Work task – Please restate the records that follow word for word, omitting any images.
[Data to use Boundary: Start]
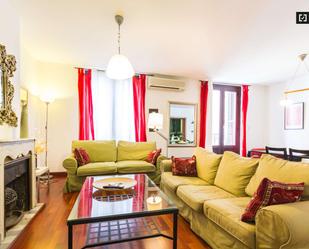 Apartment to share in Universidad - Malasaña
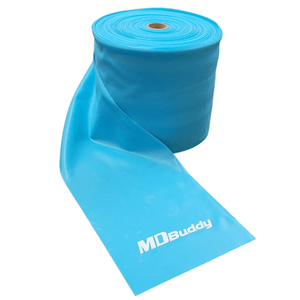 MD Buddy Latex Free 50M Roll Of Bands-50M Roll Bands-MD Buddy-4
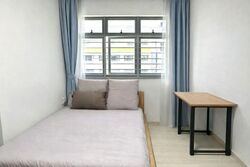 Blk 619A Tampines Greenverge (Tampines), HDB 5 Rooms #533762961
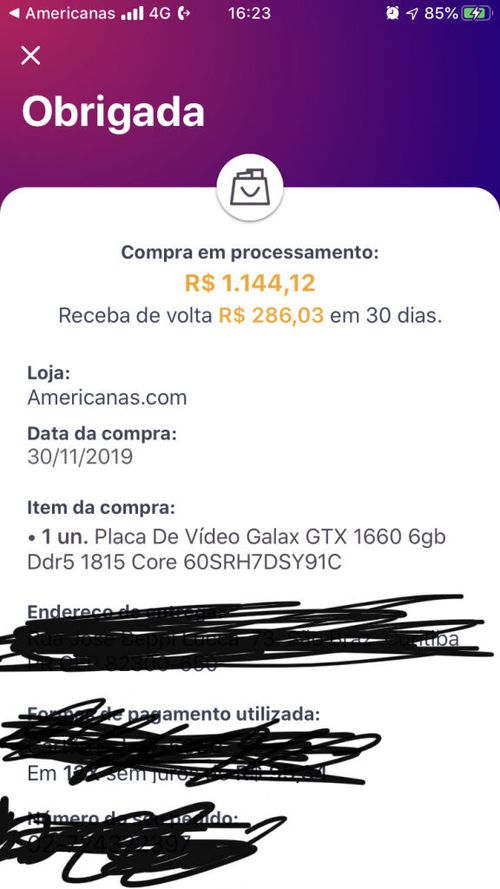 4255093-Dr8QA.jpg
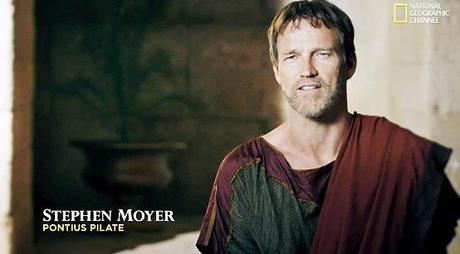 First Trailer for Stephen Moyer in “Killing Jesus” steveaspontius-pilate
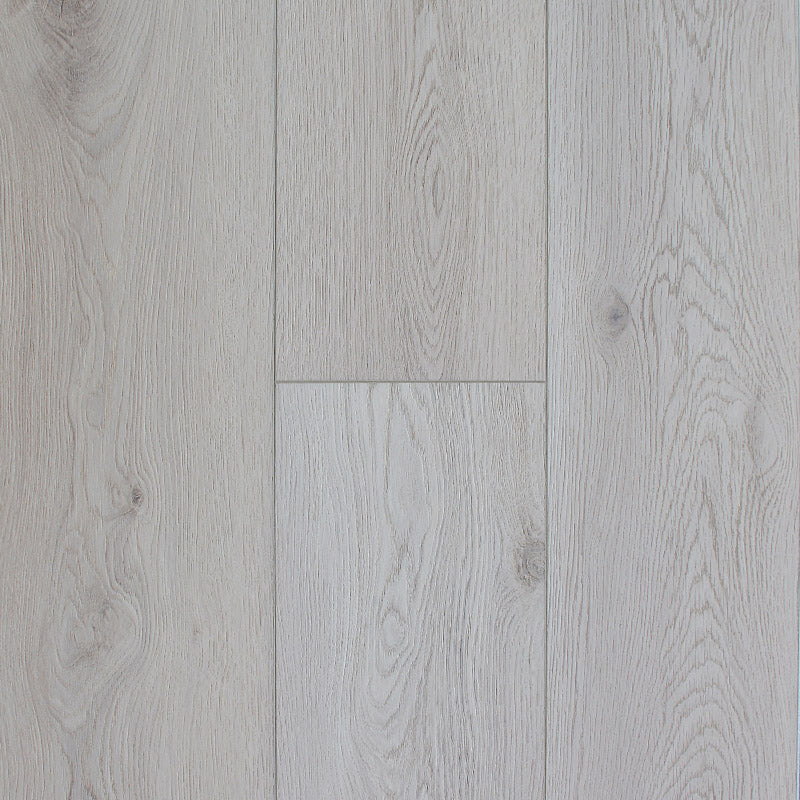 Norman Island | Tecsun Flooring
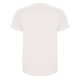 Футболка Stafford 190 (antique white)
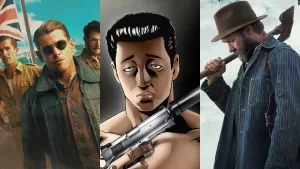 Los Hombres Del Sas Fable Sueños De Trenes Web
[Data to use Boundary: End]
Written response –
 Apartment to share in Universidad - Malasaña
 MD Buddy Latex Free 50M Roll Of Bands-50M Roll Bands-MD Buddy-4
 Blk 619A Tampines Greenverge (Tampines), HDB 5 Rooms #533762961
 4255093-Dr8QA.jpg
 First Trailer for Stephen Moyer in “Killing Jesus” steveaspontius-pilate
 Norman Island | Tecsun Flooring
 Футболка Stafford 190 (antique white)
 Los Hombres Del Sas Fable Sueños De Trenes Web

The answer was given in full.